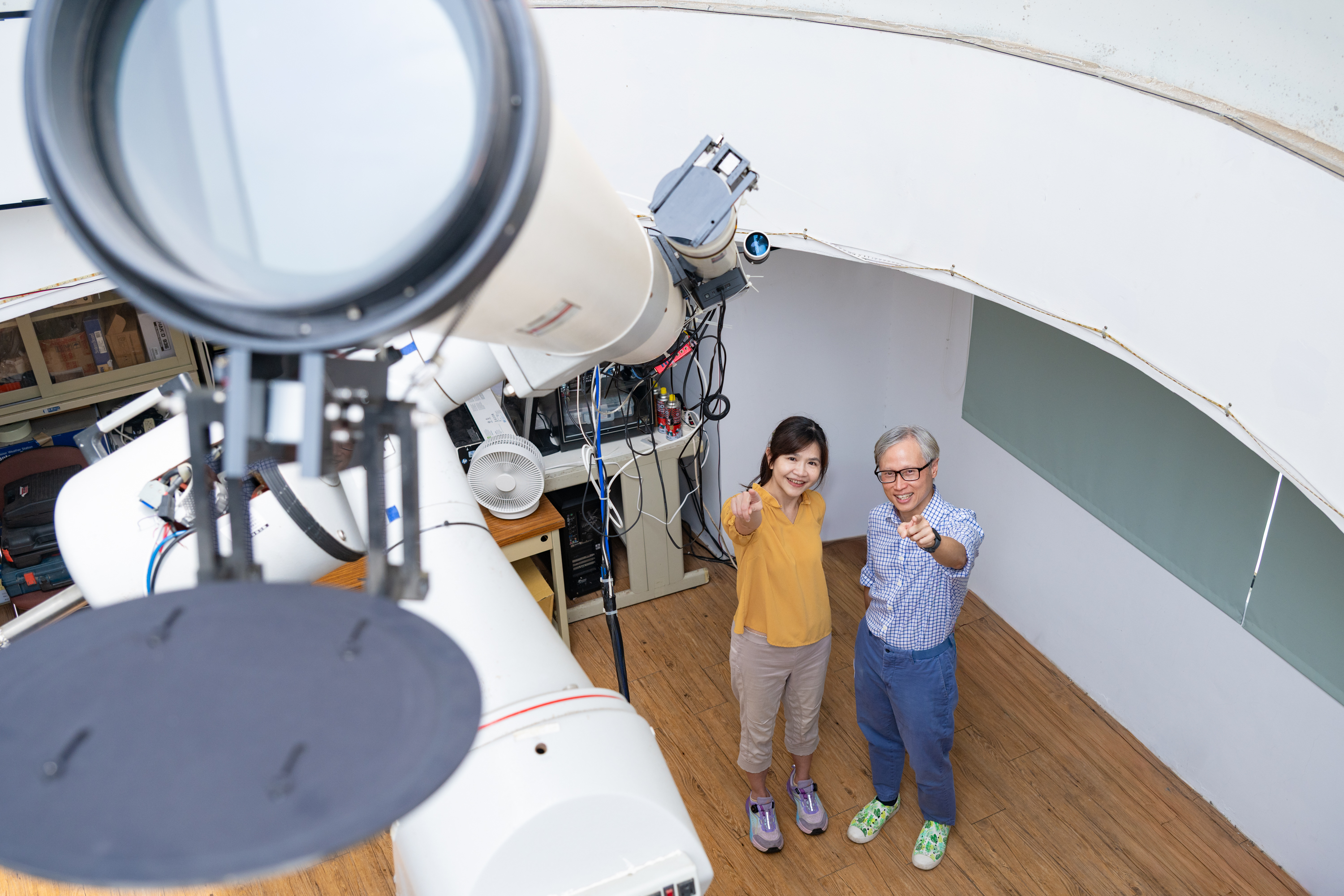Kung-Yee Liang (梁賡義) addressing the Committee.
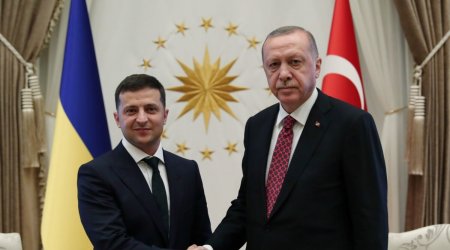 Ərdoğandan Zelenskiyə TƏMİNAT: “Türkiyə Rusiya ilə münaqişənin həllində Ukraynaya töhfə verməyə hazırdır”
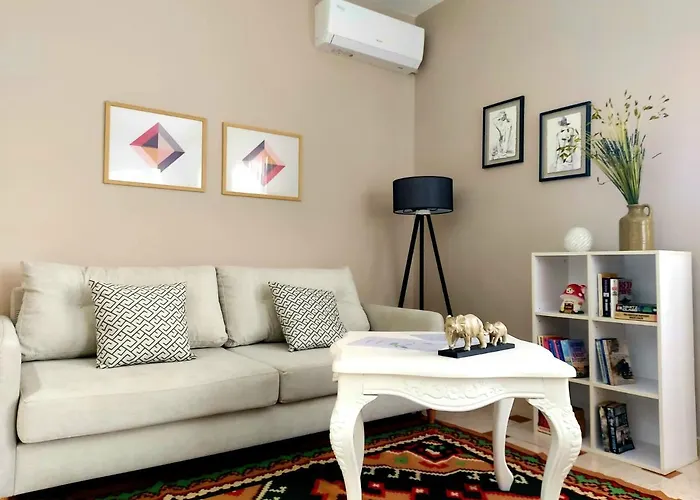 Cozy Retreat In The Heart Of Bllok Lejlighed Tirana
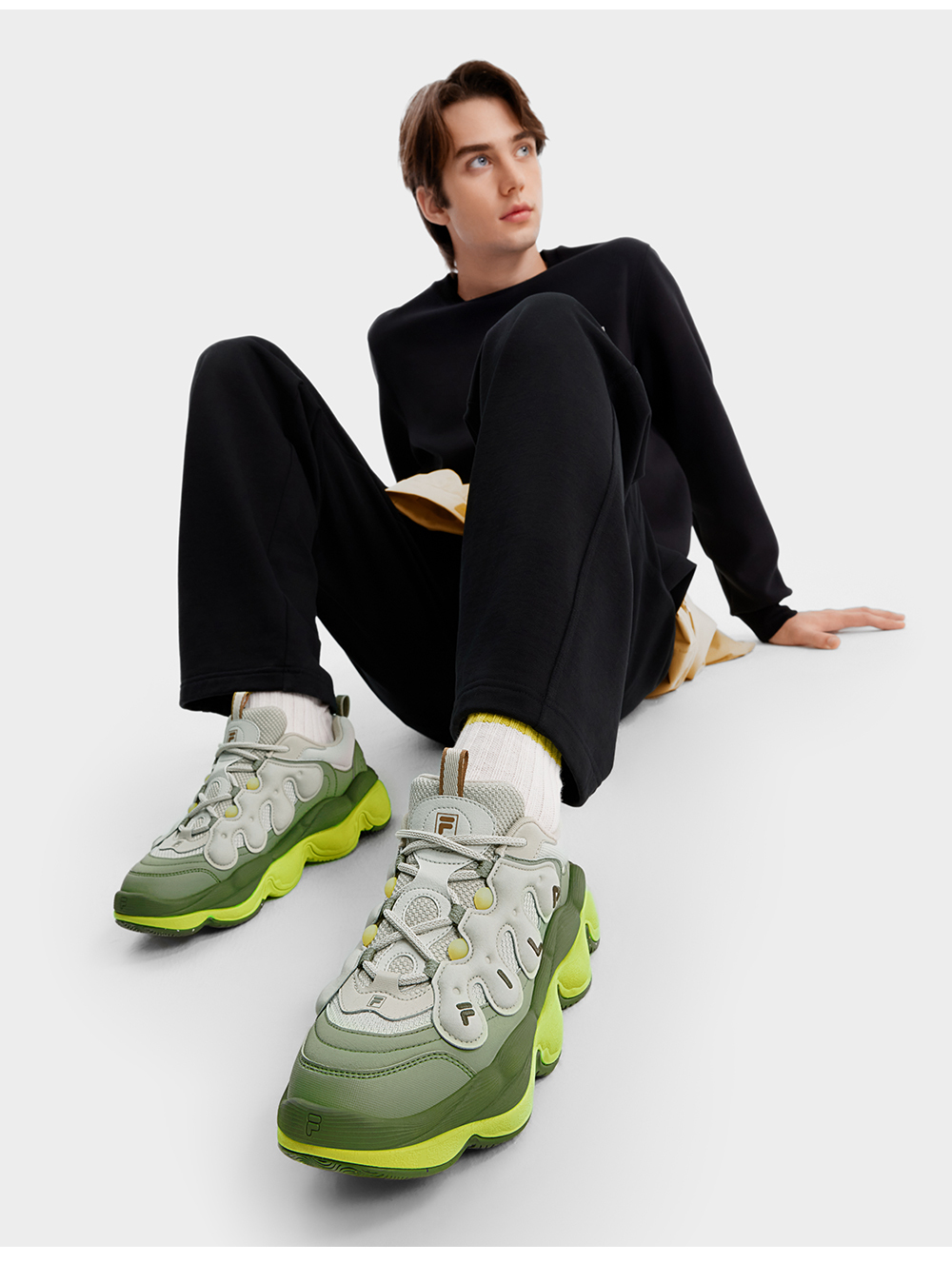 FILA CORE FASHION PEASE Men Sneakers (Yellow / Black / White / Sand)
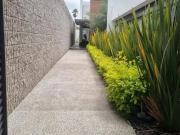 CASA EN VENTA EN BALCONES JURIQUILLA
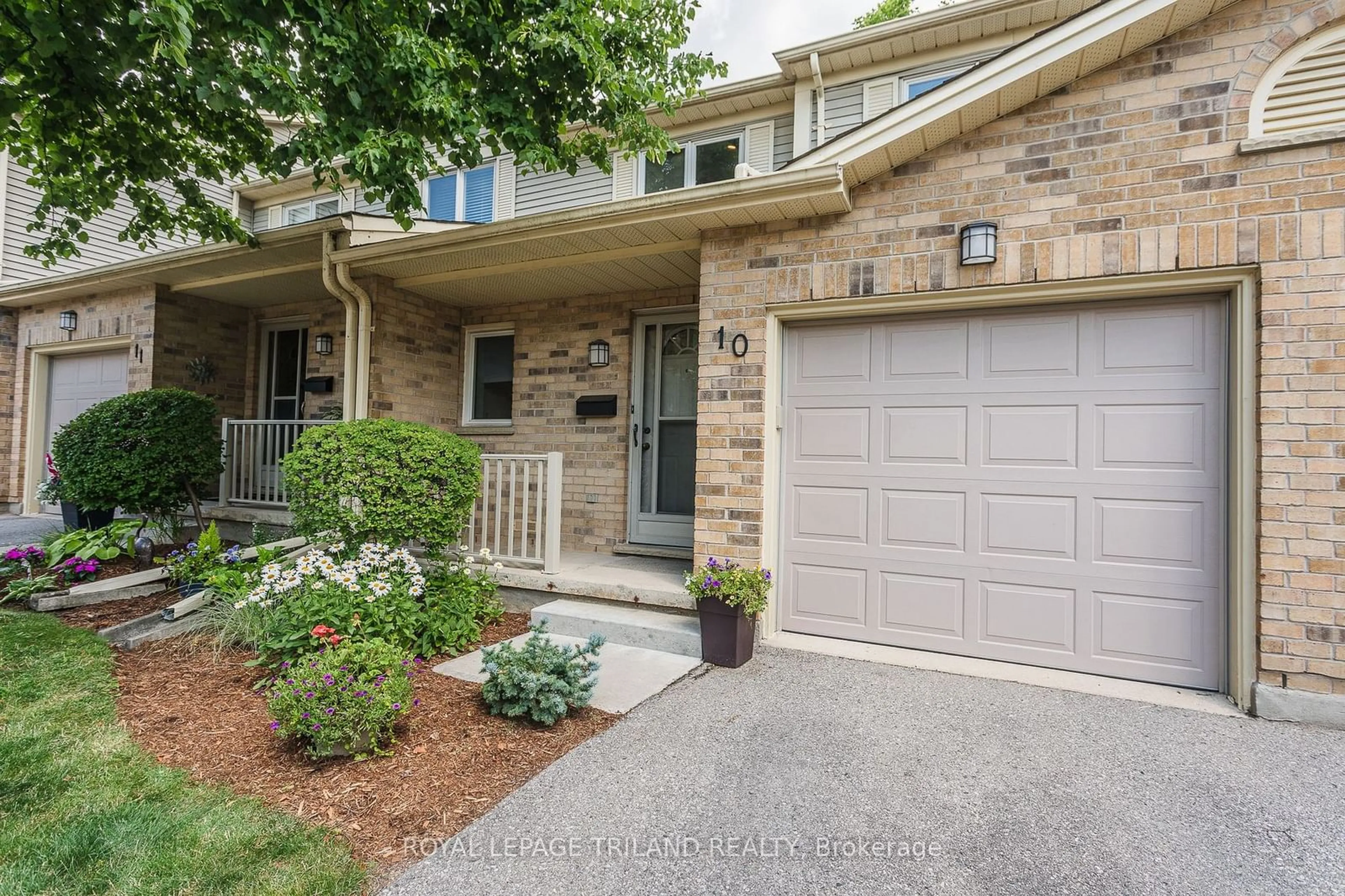 Home with brick exterior material, street for 10 Rossmore Crt #10, London Ontario N6C 6A3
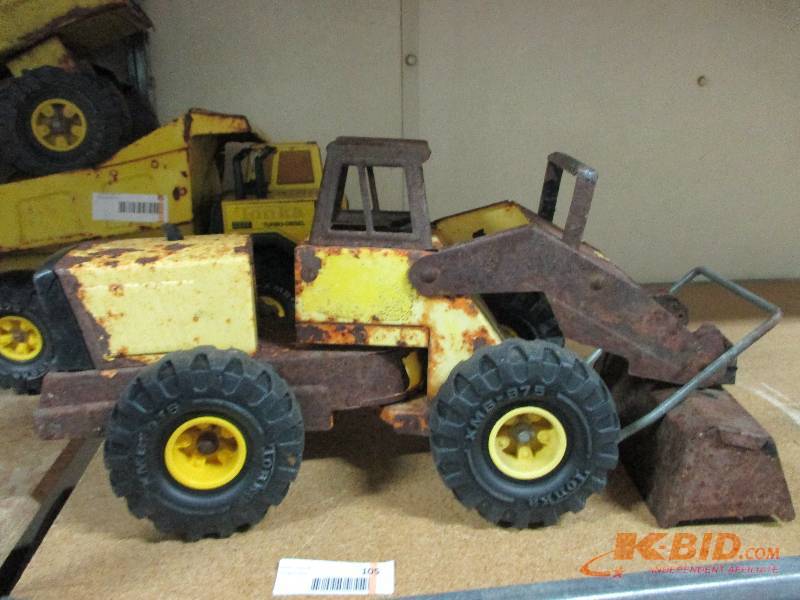 lot 105 image: Tonka Loader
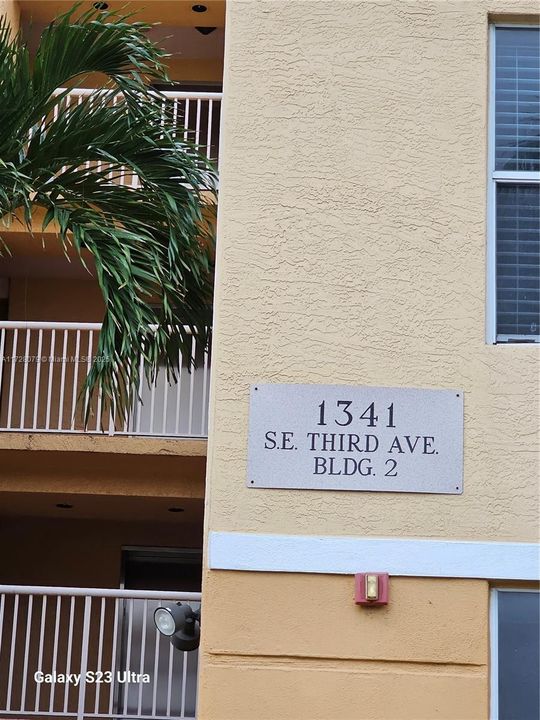 待售: $248,000 (1 贝兹, 1 浴室, 727 平方英尺)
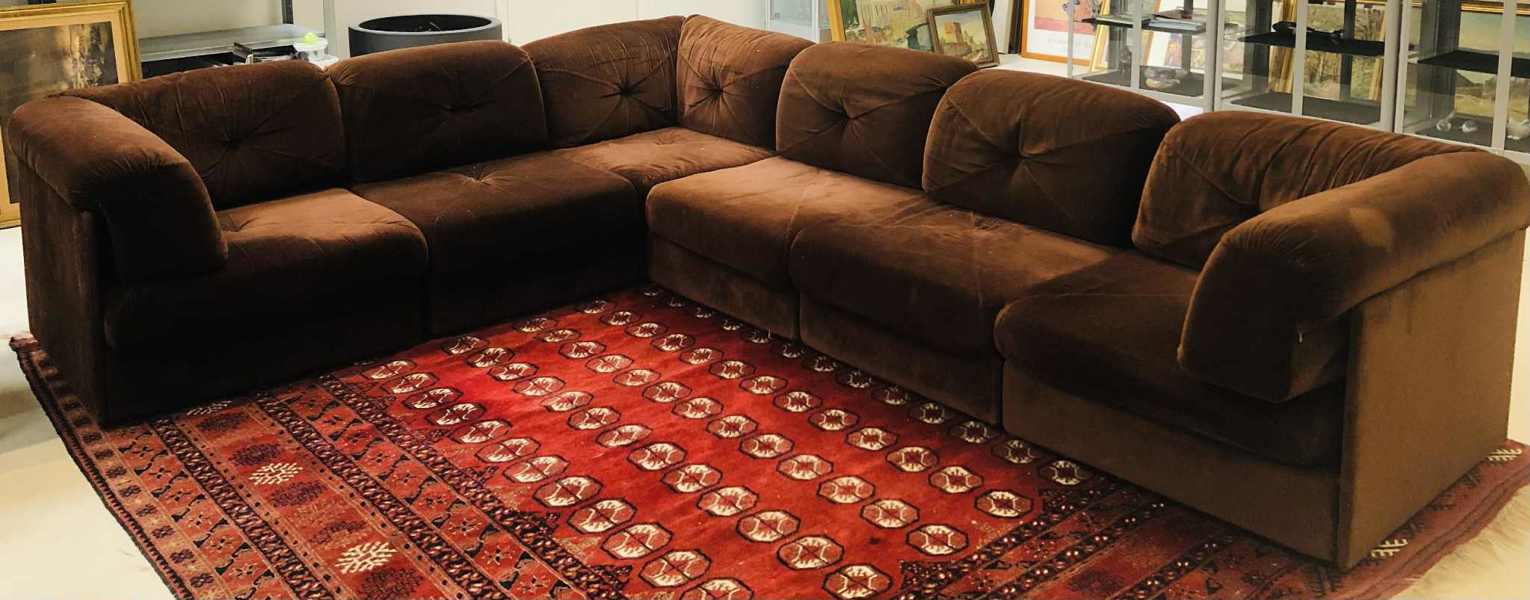 Italiensk modul-/loungesofa betrukket i mokkafarvet møbelstof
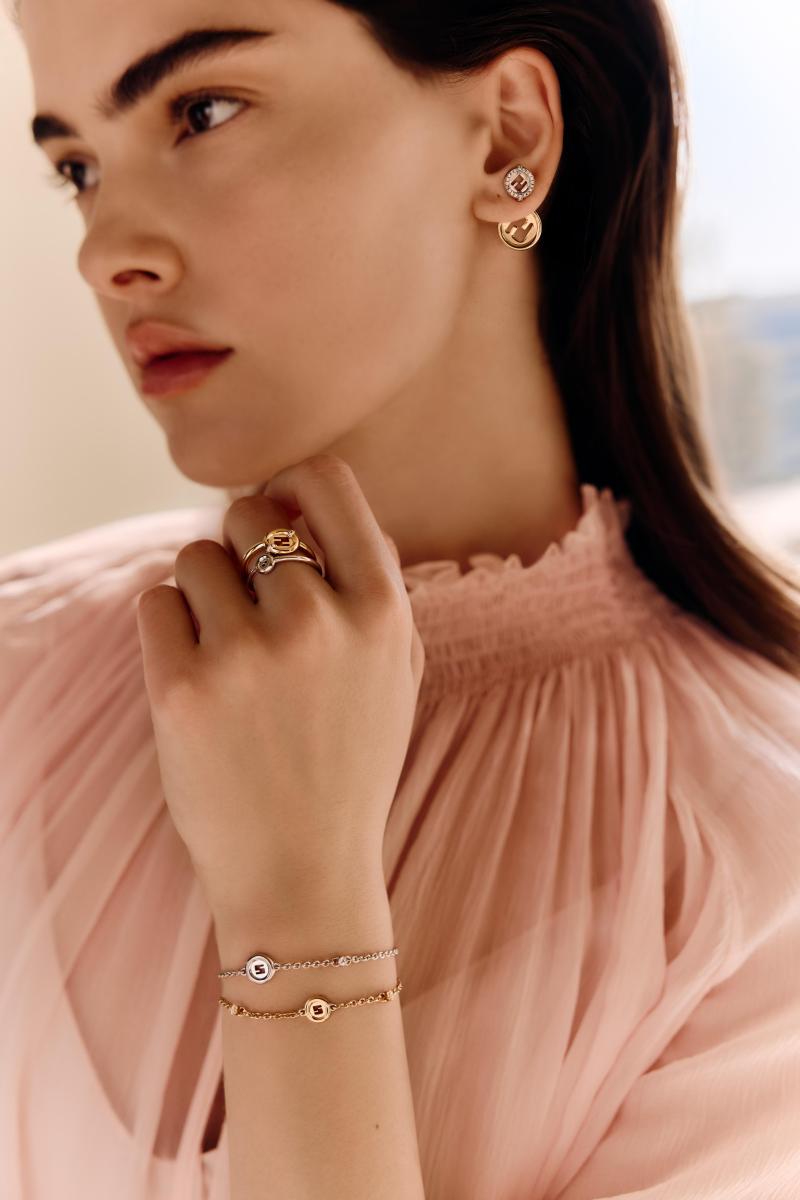 فندي تطلق مجموعة "نور"  بتصاميم مضيئة لشهر رمضان 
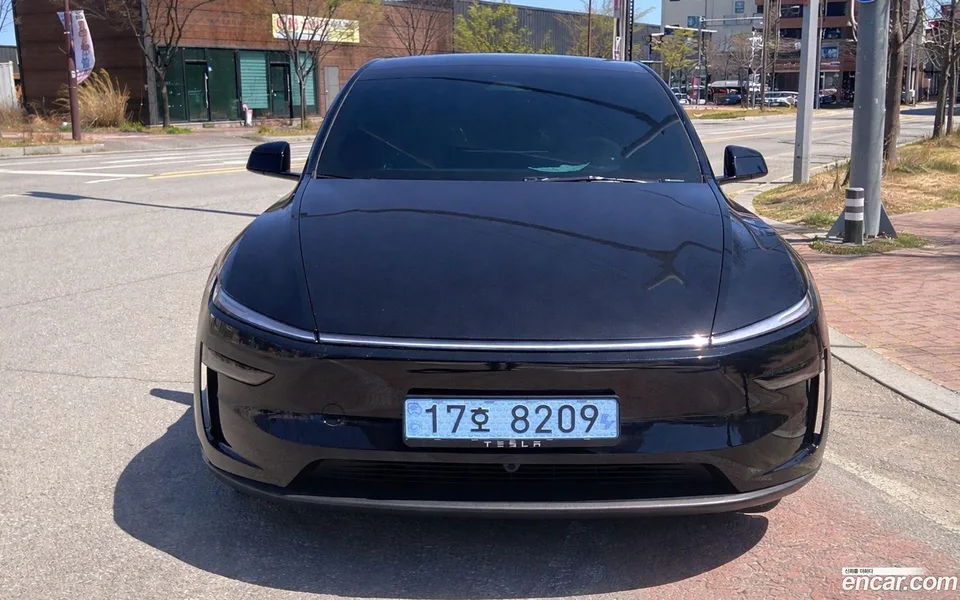 Tesla Model Y RWD 2026 — фото 1, купить с доставкой в Москву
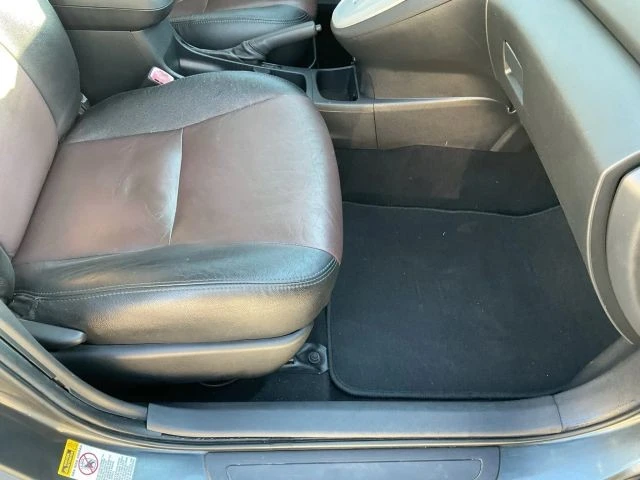 2010 Toyota Matrix 2nd Gen - Image 8 of 21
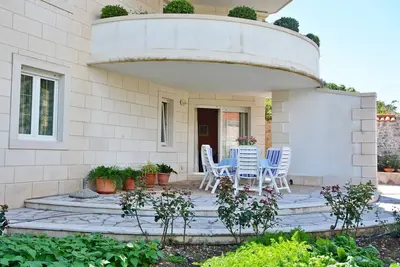 Image de Appartements Tonka (42251-A1) - Pucisca - île de Brac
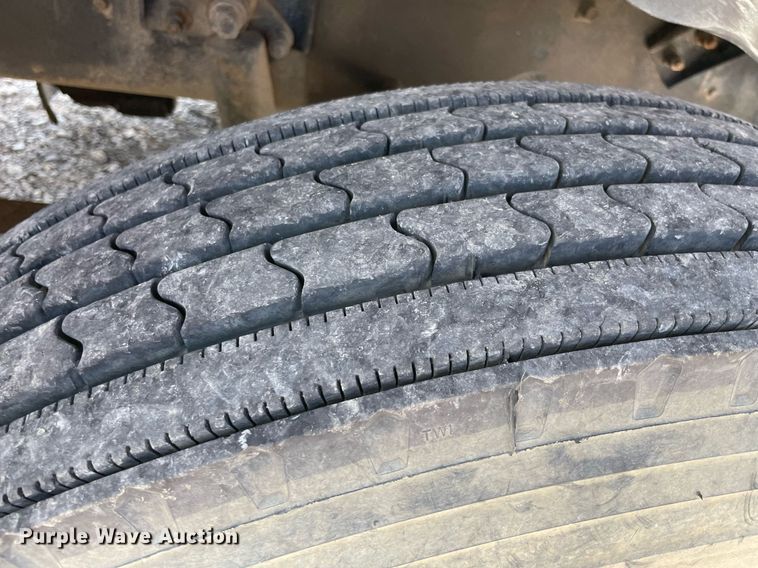 image for item NB9061 1993 Mack CH613  flatbed truck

### TO DO
In the data above, take the line with "Home with brick", the line with "Image de Appartements", and every line between, and set them down exactly without pictures.

### REPLY
 Home with brick exterior material, street for 10 Rossmore Crt #10, London Ontario N6C 6A3
 lot 105 image: Tonka Loader
 待售: $248,000 (1 贝兹, 1 浴室, 727 平方英尺)
 Italiensk modul-/loungesofa betrukket i mokkafarvet møbelstof
 فندي تطلق مجموعة "نور"  بتصاميم مضيئة لشهر رمضان 
 Tesla Model Y RWD 2026 — фото 1, купить с доставкой в Москву
 2010 Toyota Matrix 2nd Gen - Image 8 of 21
 Image de Appartements Tonka (42251-A1) - Pucisca - île de Brac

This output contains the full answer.